Many previous studies have focused on postoperative inflammatory status on prognosis. Inflammatory cytokines were higher in nonsurvivors over 30 days post-LVAD implantation. In particular TNF-α, IL-1β, and IL-8 were elevated within hours to 7 days postoperatively [17]. Our finding that the high WBC group had a higher ICU and total hospital length of stay is consistent with prior findings where patients with higher preoperative IL-6, IL-8 and neopterin levels had a longer ICU stay and a greater decline in end organ function [18]. This impact on end organ dysfunction is reflected in our study where higher preoperative WBC was associated with a greater incidence of postoperative dialysis.

Interestingly, the high WBC group also had a greater proportion of patients that were bridged to transplantation consistent with a more severe heart failure with likely a higher incidence of biventricular dysfunction. Furthermore, our study showed that elevation in pre-cfLVAD WBC has long terms implications with a poorer mid-term survival that becomes evident 2 years after cfLVAD implantation. Late RVF may be a possible explanation for this finding.

The association of a preoperative proinflammatory state (elevated WBC and CRP) with the occurrence of postoperative RVF provides insights into the clinical relevance of inflammation in impacting myocardial contractility. Given the limited predictive value of current post-LVAD RVF prediction models, preoperative inflammatory markers may need to be incorporated into the algorithm for improved accuracy. It is also possible that suppression of excessive preoperative inflammation can decrease the incidence of RVF and need for RVAD.

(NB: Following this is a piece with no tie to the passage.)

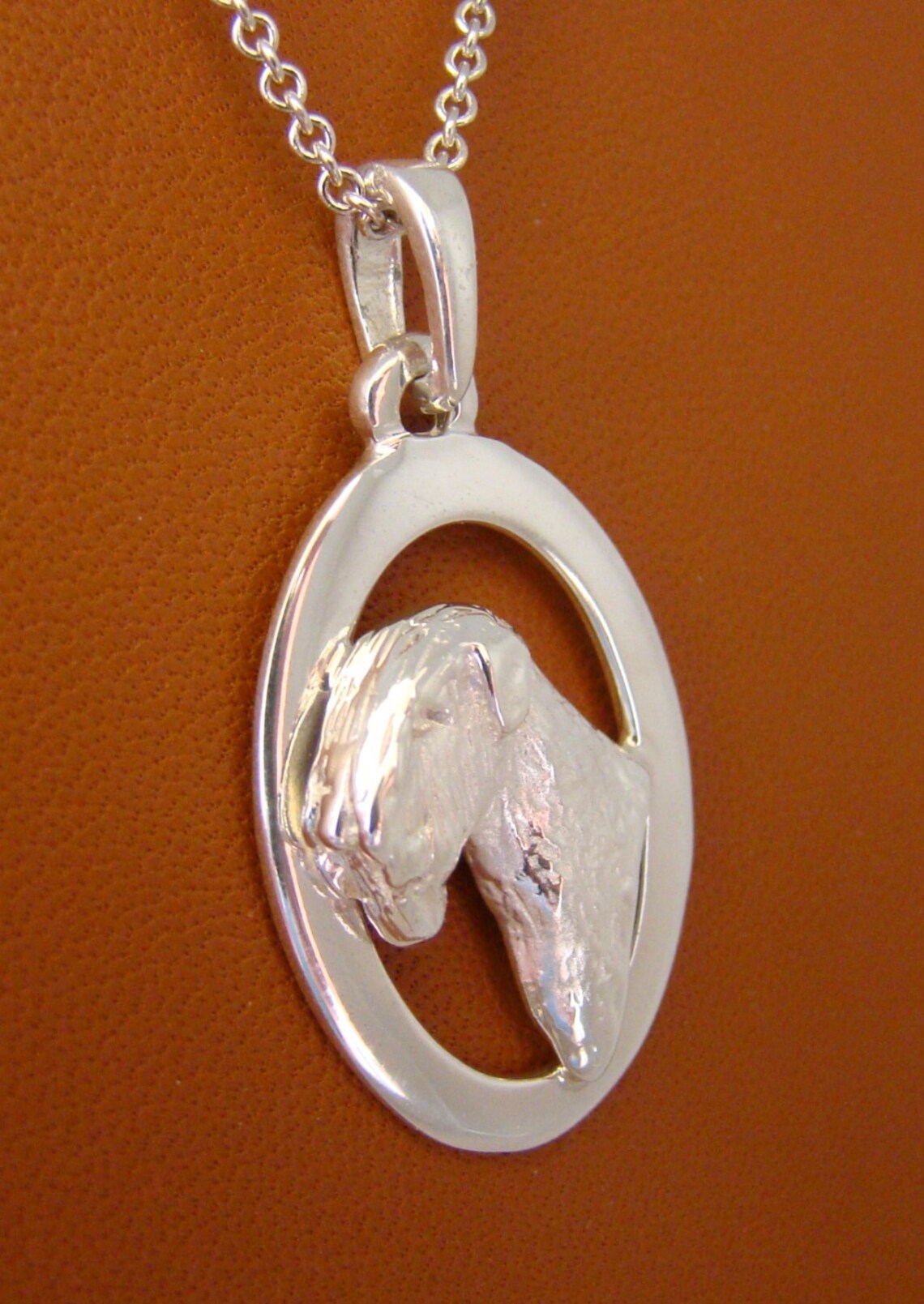 Large Sterling Silver Wheaten Terrier Head Study Pendant on A - Etsy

This study has limitations due to its retrospective nature in a single institution with inherent limitations and biases. Elevation in WBC may reflect a higher INTERMACS status with greater inotrope use, use of TCS and the stress of a greater degree of heart failure. It remains unclear whether an independent elevation in WBC reflecting a greater inflammatory status is causative for poorer postoperative and long term outcomes. We cannot definitively exclude the likelihood of infection playing a role in elevated WBC since only a minority of patients have microbiological work up to exclude this possibility. Furthermore, it is possible that steroids used to treat inflammatory cardiomyopathies (e.g. giant cell myocarditis) preoperative may have contributed to elevated WBC. While there was a difference in age, high WBC group was younger but still had a poorer survival despite this. We acknowledge that there are multiple preoperative factors that may cause elevations in WBC and CRP, this introduces heterogeneity into our study groups.

Conclusions

Our study demonstrates that a preoperative proinflammatory milieu characterized by elevations of WBC and CRP can be associated with postoperative RVF. Increased WBC was also associated with a longer length of hospital and ICU stay, a higher incidence of postoperative dialysis, as well as poorer long term patient survival. Preoperative proinflammatory stimuli likely include temporary mechanical support, catecholamines, concurrent infection, and low cardiac output syndrome with tissue ischemia. Leukocytosis is likely a marker of tissue stress and hypoperfusion. Furthermore, it is well recognized that inflammation can have a negative impact on myocardial contractility with implications for RVF after LVAD implantation.